« Je le redis avec force : conformément aux engagements du Président de la République et du gouvernement, EDF et Gaz de France ne seront pas privatisées. »
Le copinage des milieux d’affaires l’aurait-il emporté sur l’intérêt national ?
La puissance publique volerait-elle au secours de Suez ?
Le projet de loi sur l’énergie ne devait être qu’une simple formalité au Parlement. Mais les arguments avancés par le gouvernement pour la privatisation de GDF et sa fusion avec Suez ne résistent pas à un examen attentif.
« L’objectif essentiel pour le gouvernement est la mise en place d’un dispositif efficace pour garantir les intérêts stratégiques de la Nation. » Exposé des motifs du projet de loi relatif au secteur de l’énergie, présenté par Dominique de Villepin.

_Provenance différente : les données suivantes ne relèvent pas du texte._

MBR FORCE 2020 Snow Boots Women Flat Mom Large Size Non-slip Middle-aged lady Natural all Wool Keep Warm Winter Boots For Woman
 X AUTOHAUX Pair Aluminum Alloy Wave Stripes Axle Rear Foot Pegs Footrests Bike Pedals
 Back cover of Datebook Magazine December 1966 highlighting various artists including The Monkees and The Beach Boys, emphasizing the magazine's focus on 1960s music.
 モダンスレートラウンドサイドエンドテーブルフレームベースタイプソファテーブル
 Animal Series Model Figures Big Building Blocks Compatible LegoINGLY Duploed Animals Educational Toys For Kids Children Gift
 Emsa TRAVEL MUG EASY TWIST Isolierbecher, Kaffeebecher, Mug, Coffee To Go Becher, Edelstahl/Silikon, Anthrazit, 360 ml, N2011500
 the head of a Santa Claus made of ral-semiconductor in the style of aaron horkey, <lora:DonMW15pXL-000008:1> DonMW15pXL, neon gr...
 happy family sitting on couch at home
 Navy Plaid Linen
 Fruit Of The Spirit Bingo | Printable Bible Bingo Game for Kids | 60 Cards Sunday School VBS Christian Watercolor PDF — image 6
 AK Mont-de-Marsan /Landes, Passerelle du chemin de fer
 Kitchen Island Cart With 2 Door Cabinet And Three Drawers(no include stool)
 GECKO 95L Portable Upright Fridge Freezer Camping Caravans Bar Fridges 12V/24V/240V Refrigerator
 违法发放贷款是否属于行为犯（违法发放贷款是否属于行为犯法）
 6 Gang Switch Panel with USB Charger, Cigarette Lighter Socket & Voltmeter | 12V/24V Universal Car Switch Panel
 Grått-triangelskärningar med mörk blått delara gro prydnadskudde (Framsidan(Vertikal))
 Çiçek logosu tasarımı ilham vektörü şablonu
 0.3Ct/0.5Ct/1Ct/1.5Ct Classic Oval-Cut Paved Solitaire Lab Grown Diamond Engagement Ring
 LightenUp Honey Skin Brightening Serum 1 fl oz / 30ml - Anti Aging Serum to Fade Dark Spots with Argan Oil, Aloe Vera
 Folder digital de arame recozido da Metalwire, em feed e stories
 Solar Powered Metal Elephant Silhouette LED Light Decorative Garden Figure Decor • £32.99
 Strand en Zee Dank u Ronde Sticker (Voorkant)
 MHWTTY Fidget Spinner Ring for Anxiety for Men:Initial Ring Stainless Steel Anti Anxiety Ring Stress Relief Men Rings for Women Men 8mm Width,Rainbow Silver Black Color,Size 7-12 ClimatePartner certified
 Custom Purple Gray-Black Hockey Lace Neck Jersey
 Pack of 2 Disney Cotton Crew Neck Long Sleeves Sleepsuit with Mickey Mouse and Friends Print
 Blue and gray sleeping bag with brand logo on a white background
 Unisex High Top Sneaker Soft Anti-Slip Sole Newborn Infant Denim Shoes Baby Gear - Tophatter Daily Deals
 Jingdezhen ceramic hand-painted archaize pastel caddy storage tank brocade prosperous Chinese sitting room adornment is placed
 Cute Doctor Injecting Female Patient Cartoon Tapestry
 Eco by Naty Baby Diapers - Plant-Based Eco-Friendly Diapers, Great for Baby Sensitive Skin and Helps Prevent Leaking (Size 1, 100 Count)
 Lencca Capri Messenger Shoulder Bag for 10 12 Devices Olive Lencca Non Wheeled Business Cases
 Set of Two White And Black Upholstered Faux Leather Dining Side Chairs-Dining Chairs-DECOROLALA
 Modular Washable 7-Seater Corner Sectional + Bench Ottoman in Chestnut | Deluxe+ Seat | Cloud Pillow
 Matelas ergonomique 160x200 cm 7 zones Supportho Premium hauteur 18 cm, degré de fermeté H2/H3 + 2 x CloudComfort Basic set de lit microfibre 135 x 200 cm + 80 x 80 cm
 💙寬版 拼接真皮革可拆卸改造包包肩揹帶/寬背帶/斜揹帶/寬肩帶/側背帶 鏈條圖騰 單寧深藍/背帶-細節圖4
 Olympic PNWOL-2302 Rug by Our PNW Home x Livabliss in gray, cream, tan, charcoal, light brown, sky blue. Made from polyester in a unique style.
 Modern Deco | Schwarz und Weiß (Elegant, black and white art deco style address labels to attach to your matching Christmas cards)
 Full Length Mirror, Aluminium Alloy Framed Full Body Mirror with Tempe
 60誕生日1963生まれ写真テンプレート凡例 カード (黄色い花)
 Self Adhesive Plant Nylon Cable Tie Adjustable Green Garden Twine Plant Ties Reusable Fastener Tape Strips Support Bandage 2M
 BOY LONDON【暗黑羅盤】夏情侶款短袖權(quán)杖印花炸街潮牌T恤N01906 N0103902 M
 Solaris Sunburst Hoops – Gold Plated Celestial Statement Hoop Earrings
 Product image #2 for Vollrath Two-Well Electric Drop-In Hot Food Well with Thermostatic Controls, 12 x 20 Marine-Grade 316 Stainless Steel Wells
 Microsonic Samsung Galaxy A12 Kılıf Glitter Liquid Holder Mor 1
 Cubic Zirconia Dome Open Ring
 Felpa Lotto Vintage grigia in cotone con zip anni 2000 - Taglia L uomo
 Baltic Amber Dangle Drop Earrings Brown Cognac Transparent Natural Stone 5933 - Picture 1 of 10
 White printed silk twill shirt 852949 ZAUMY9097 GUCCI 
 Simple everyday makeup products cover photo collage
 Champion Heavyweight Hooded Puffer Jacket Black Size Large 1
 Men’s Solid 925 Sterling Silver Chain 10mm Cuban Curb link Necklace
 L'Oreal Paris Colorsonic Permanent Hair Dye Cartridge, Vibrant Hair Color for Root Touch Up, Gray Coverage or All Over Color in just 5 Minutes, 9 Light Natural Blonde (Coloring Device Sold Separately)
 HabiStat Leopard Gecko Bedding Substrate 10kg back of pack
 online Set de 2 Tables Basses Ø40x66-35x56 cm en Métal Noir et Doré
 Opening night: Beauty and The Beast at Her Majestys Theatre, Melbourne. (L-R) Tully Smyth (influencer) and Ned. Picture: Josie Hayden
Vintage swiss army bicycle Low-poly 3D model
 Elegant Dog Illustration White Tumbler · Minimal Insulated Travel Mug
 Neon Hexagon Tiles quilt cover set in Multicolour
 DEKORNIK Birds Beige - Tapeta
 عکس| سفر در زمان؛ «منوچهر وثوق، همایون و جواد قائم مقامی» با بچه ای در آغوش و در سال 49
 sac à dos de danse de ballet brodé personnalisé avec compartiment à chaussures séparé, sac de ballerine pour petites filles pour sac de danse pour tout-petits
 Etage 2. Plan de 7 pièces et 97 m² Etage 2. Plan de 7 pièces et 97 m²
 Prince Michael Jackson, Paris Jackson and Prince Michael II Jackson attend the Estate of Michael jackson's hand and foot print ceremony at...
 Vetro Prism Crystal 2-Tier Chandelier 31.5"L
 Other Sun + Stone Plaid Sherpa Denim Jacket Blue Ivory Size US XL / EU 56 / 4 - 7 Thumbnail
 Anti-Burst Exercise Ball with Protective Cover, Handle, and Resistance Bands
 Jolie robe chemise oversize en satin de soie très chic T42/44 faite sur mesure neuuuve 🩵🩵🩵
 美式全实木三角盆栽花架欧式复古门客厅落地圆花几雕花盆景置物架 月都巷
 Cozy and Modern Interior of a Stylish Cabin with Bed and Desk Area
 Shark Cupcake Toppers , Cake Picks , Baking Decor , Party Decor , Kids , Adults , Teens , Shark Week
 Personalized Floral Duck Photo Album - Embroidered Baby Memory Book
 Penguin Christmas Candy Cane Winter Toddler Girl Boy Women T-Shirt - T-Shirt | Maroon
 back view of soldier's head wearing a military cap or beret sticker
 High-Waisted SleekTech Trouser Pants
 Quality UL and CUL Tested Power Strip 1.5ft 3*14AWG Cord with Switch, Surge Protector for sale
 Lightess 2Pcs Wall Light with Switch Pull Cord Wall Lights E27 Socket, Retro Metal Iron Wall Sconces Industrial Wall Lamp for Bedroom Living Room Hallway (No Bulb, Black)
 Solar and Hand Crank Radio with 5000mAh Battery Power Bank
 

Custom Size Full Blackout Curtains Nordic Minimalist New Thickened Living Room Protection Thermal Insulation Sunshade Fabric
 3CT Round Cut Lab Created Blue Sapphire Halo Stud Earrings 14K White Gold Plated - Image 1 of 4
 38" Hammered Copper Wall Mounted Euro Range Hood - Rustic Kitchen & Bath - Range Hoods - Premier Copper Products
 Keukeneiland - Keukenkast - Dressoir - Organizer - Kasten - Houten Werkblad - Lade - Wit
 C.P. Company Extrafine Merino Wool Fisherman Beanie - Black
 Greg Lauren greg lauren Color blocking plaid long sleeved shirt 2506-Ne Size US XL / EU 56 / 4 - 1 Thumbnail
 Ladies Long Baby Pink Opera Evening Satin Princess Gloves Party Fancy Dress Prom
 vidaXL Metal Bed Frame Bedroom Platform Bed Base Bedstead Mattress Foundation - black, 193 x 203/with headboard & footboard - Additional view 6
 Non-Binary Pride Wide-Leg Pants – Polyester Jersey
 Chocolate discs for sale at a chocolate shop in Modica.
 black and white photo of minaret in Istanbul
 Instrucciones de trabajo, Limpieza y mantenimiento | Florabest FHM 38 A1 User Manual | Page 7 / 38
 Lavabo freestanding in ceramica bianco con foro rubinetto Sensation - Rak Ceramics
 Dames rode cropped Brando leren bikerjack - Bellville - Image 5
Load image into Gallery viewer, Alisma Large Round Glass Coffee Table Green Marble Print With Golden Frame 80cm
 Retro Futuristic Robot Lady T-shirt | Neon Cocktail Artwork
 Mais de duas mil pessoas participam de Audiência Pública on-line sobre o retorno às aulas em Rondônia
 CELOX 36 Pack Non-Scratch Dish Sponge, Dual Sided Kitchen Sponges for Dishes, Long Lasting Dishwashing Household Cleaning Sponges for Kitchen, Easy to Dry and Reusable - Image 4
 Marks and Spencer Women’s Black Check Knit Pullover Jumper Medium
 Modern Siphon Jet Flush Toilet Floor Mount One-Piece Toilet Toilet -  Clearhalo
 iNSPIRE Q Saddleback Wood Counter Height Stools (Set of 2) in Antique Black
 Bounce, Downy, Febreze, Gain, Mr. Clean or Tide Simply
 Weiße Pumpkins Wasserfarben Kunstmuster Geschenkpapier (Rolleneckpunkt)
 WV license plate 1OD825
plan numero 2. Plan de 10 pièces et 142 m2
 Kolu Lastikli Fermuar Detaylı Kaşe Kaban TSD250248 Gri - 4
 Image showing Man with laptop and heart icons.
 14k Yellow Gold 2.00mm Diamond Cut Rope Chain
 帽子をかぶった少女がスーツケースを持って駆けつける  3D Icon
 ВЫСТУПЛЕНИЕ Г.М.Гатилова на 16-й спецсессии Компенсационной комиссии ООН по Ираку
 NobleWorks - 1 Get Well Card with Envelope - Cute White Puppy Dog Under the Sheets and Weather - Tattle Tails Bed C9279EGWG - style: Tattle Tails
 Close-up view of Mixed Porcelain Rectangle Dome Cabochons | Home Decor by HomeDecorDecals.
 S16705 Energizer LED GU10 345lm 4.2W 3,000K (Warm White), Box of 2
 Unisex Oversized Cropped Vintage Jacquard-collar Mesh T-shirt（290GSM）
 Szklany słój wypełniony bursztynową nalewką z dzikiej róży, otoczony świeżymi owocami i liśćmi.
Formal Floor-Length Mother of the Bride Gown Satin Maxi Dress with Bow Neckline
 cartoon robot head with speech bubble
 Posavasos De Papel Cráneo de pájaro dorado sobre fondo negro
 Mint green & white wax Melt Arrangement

L’histoire officielle enjolive la présentation du projet de loi « relatif au secteur de l’énergie » en la faisant débuter le 25 février 2006. « À la surprise générale », dit-on, Dominique de Villepin annonce le mariage entre l’entreprise publique Gaz de France (GDF) et le groupe énergétique Suez, plus connu comme un fleuron de la gestion mondiale de l’eau. Le prétexte à cette décision est tout trouvé. Le premier groupe énergétique italien Enel envisage une OPA sur Suez et le fait savoir en janvier. À cette période, la guerre fait rage, dans un autre secteur, entre Mittal et Arcelor. Le gouvernement se doit de réagir, au nom du « patriotisme économique ». « Regardez ce que font tous les grands pays autour de nous, comme les États-Unis ou le Japon, déclare le Premier ministre. Regardez les décisions prises récemment par le gouvernement espagnol dans le domaine énergétique. Tous les pays à travers la planète défendent leurs intérêts économiques : pourquoi serions-nous les derniers à la faire ? »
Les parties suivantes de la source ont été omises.